Please restate each entry that appears below word for word, without its pictures.

Excerpts from a dataset:
=-=-=-=-=
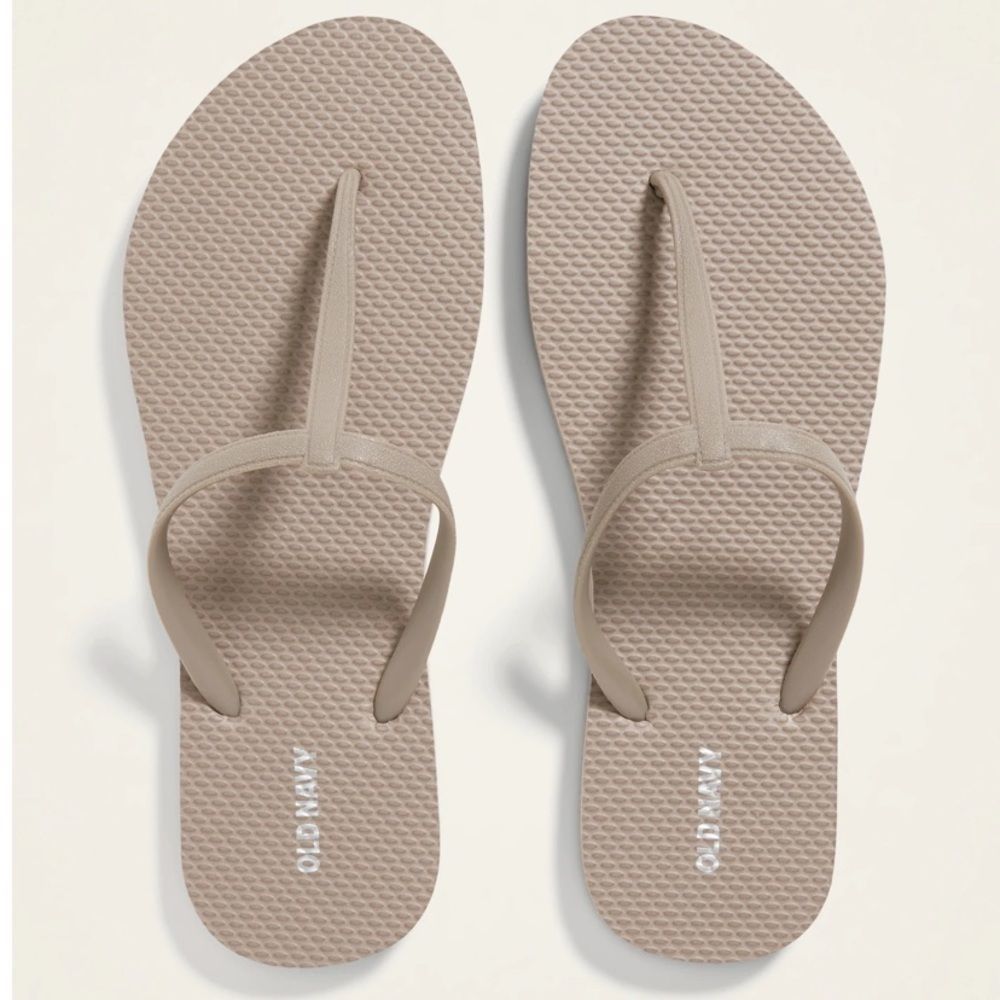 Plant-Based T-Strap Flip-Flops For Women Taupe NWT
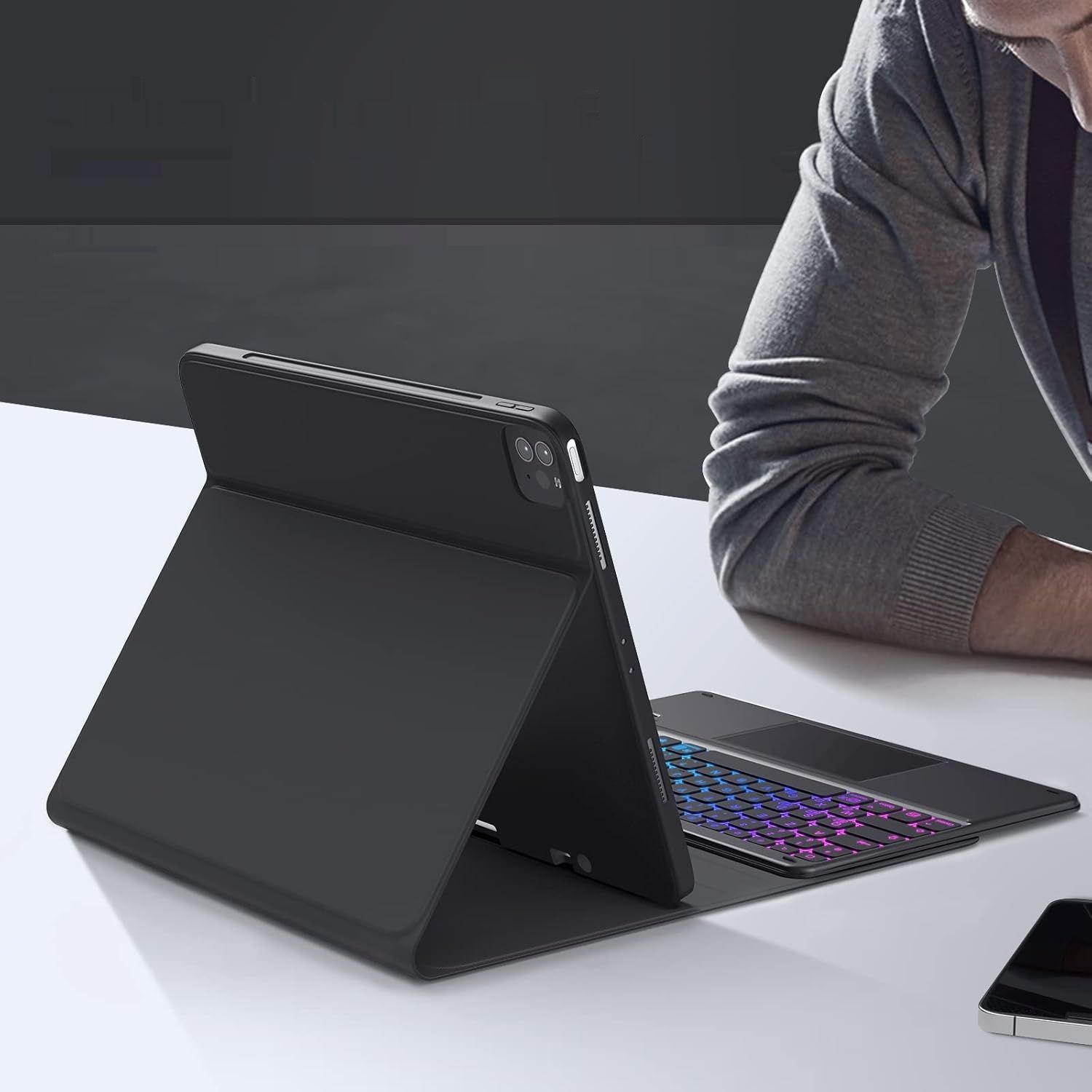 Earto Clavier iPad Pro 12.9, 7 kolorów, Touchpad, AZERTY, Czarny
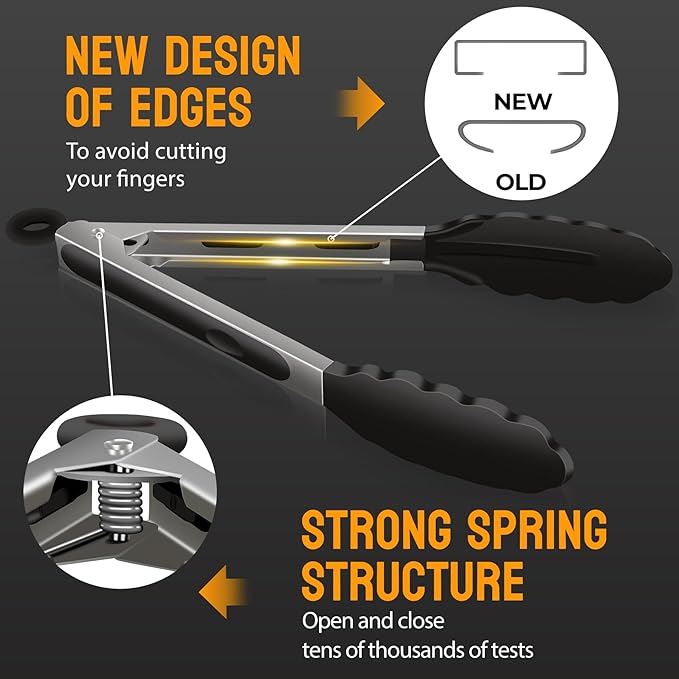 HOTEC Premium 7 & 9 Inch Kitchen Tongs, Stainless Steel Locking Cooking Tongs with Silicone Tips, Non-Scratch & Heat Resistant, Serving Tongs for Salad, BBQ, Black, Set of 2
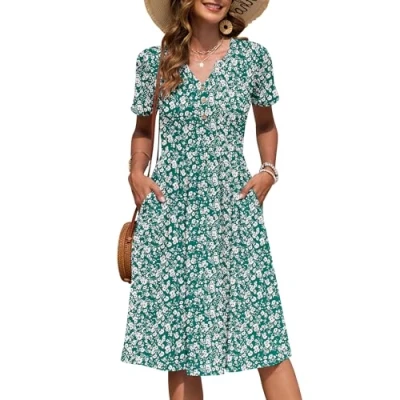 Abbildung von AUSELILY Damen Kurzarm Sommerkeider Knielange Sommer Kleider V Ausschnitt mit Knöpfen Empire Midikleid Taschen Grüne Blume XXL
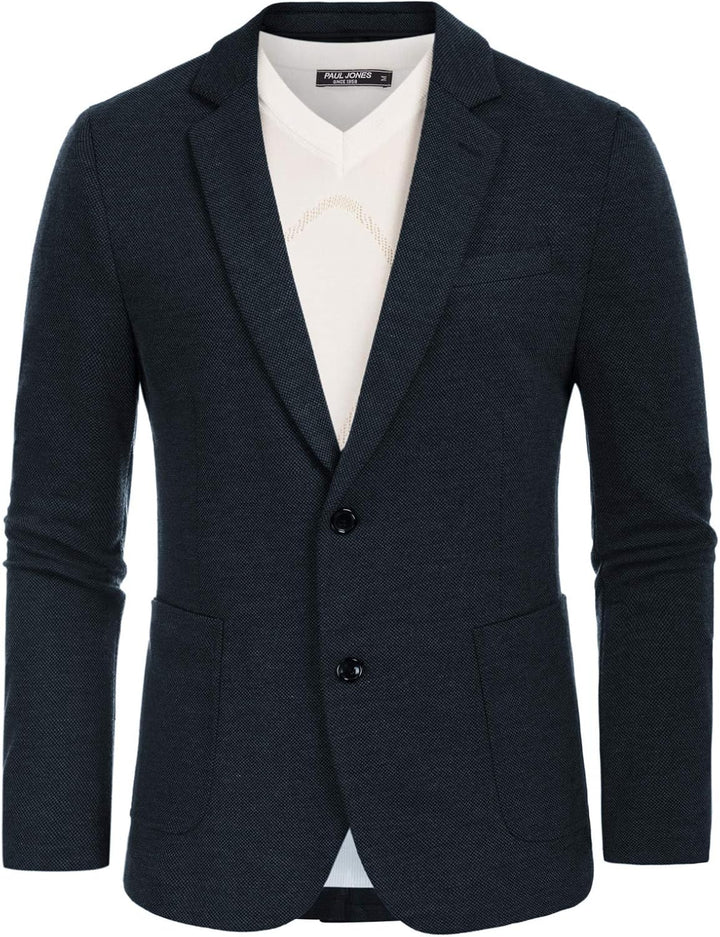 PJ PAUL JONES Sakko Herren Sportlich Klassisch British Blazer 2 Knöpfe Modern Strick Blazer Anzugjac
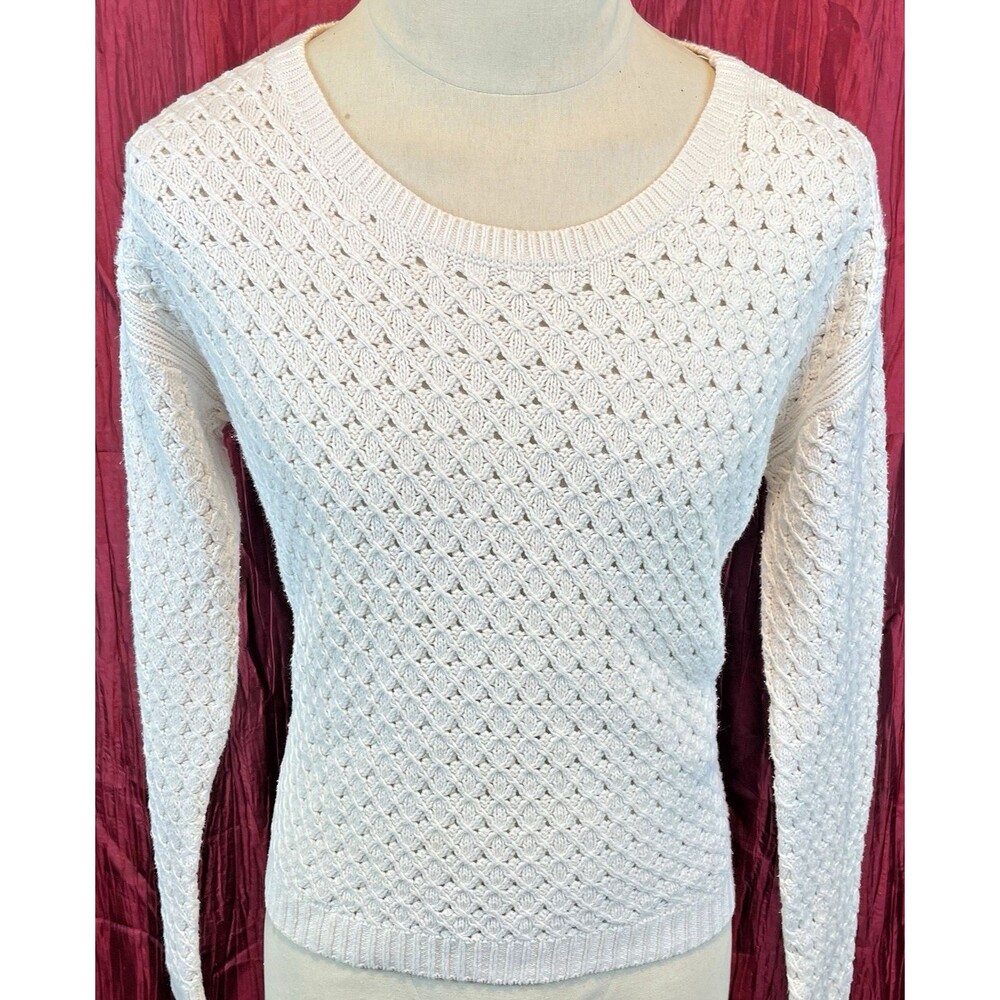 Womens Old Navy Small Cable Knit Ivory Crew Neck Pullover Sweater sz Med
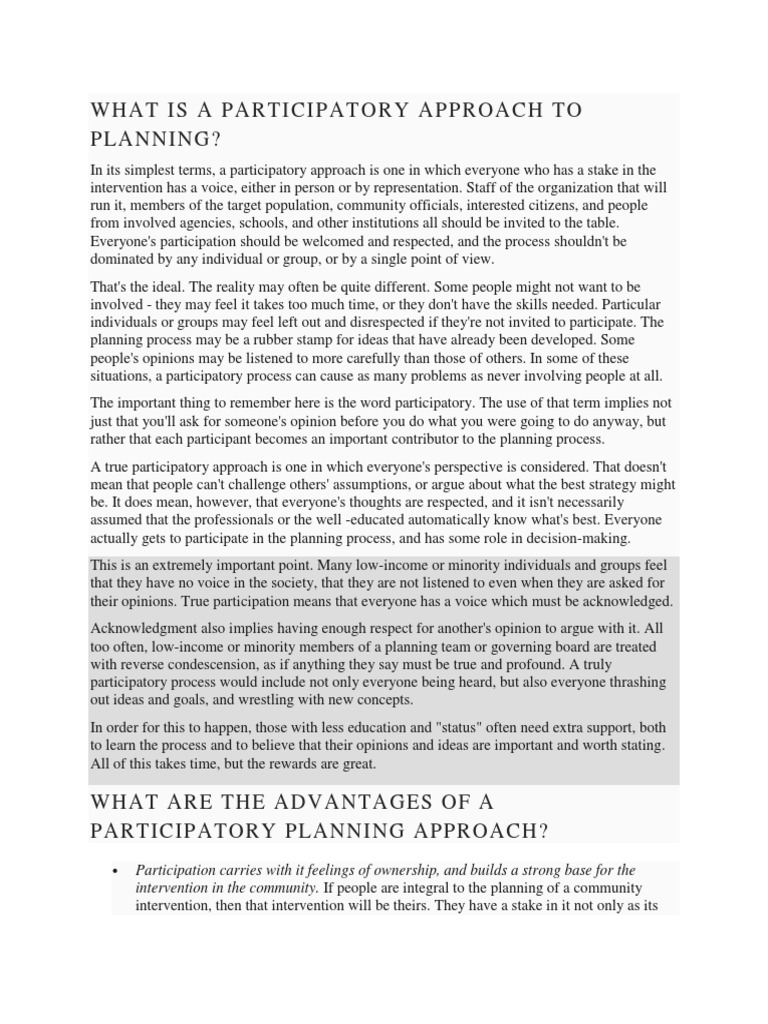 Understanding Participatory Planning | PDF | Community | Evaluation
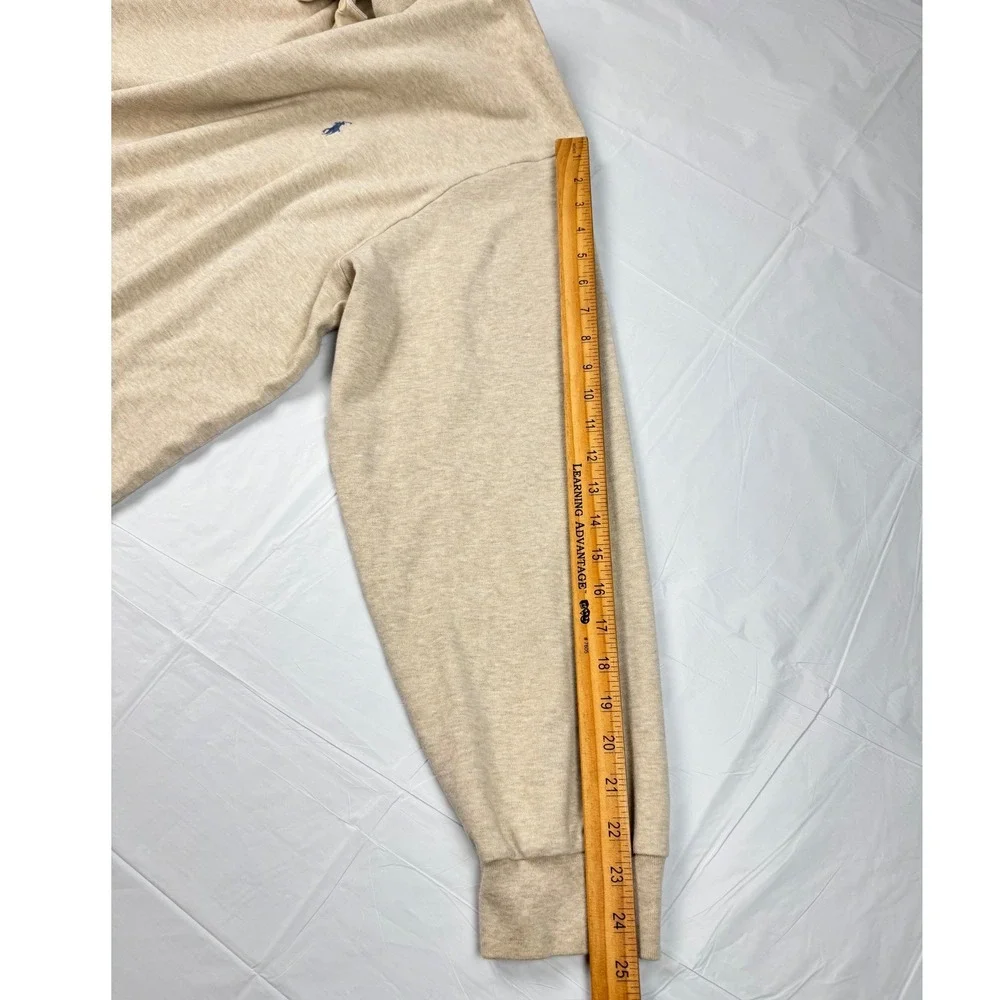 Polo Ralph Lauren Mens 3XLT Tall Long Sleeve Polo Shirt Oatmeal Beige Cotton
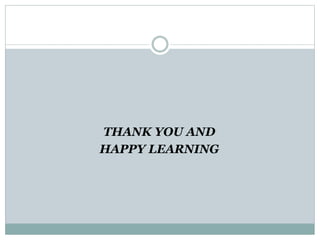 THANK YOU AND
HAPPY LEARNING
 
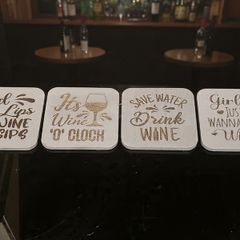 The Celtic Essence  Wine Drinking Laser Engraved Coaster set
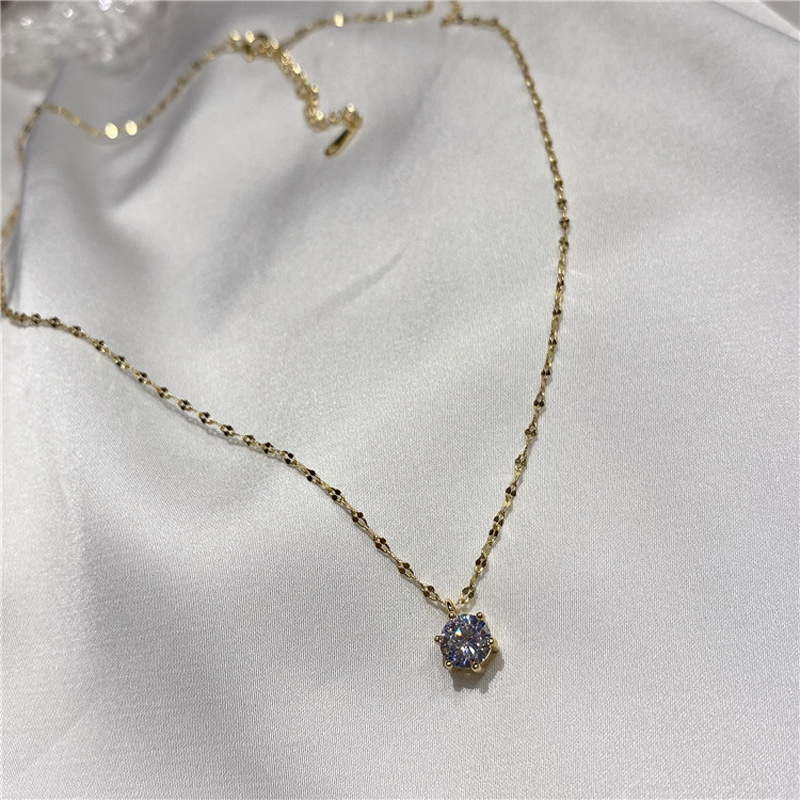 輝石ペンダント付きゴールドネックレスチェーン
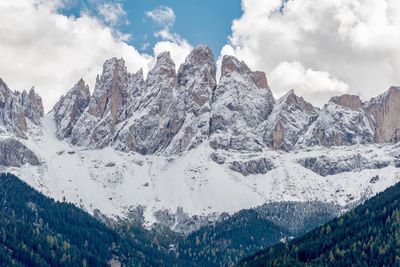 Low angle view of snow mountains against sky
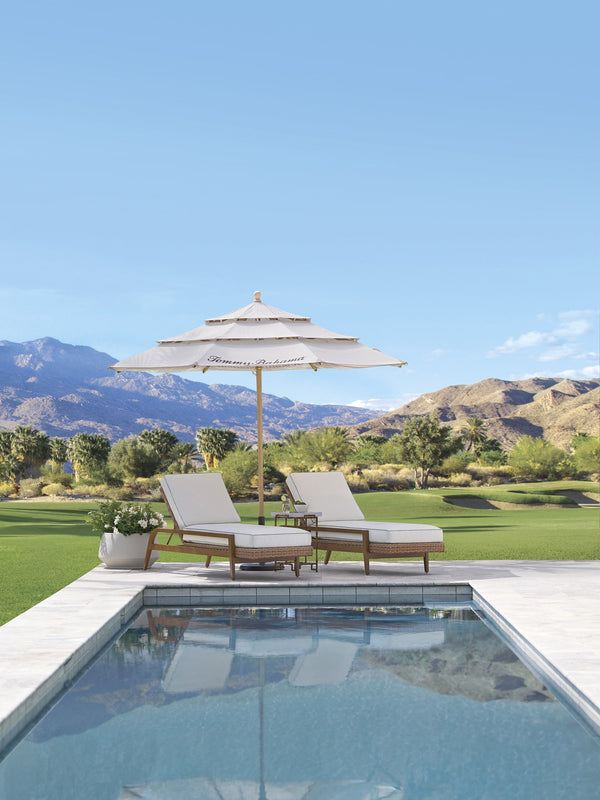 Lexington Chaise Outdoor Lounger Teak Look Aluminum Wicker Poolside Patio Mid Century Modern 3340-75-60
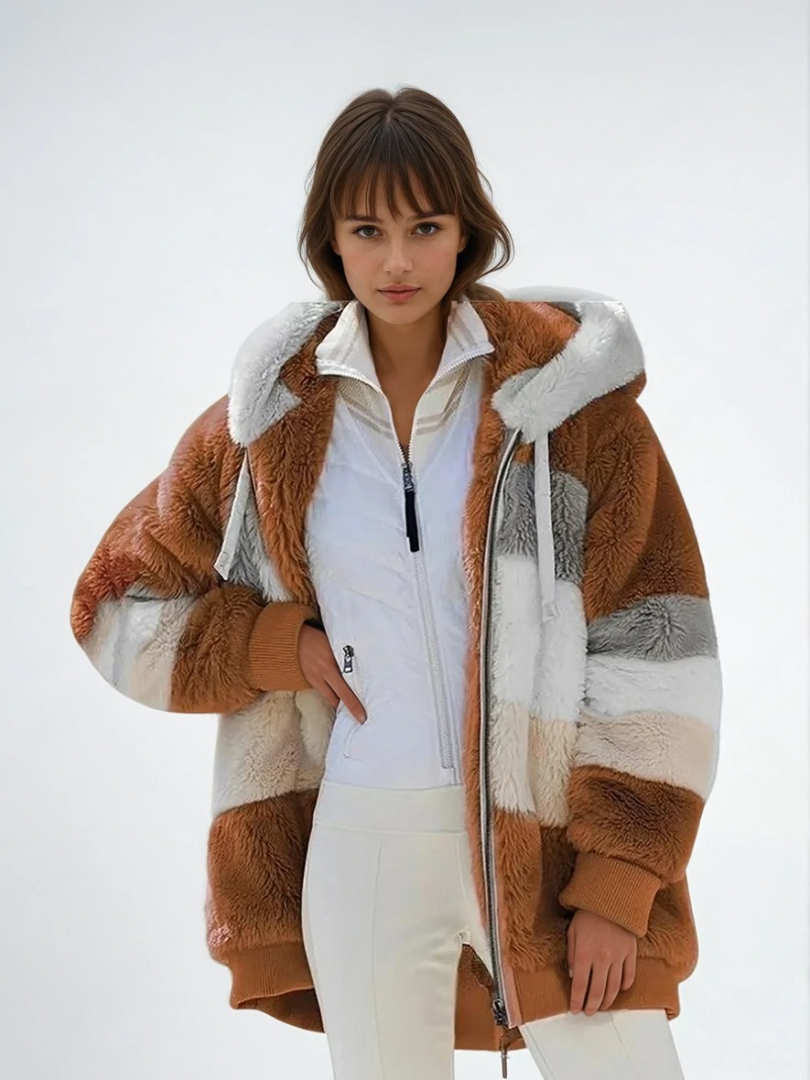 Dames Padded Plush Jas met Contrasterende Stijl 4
=-=-=-=-=
OUTPUT OF THE EXERCISE:
 Plant-Based T-Strap Flip-Flops For Women Taupe NWT
 Earto Clavier iPad Pro 12.9, 7 kolorów, Touchpad, AZERTY, Czarny
 HOTEC Premium 7 & 9 Inch Kitchen Tongs, Stainless Steel Locking Cooking Tongs with Silicone Tips, Non-Scratch & Heat Resistant, Serving Tongs for Salad, BBQ, Black, Set of 2
 Abbildung von AUSELILY Damen Kurzarm Sommerkeider Knielange Sommer Kleider V Ausschnitt mit Knöpfen Empire Midikleid Taschen Grüne Blume XXL
 PJ PAUL JONES Sakko Herren Sportlich Klassisch British Blazer 2 Knöpfe Modern Strick Blazer Anzugjac
 Womens Old Navy Small Cable Knit Ivory Crew Neck Pullover Sweater sz Med
 Understanding Participatory Planning | PDF | Community | Evaluation
 Polo Ralph Lauren Mens 3XLT Tall Long Sleeve Polo Shirt Oatmeal Beige Cotton
 THANK YOU AND
HAPPY LEARNING
 
 The Celtic Essence  Wine Drinking Laser Engraved Coaster set
 輝石ペンダント付きゴールドネックレスチェーン
 Low angle view of snow mountains against sky
 Lexington Chaise Outdoor Lounger Teak Look Aluminum Wicker Poolside Patio Mid Century Modern 3340-75-60
 Dames Padded Plush Jas met Contrasterende Stijl 4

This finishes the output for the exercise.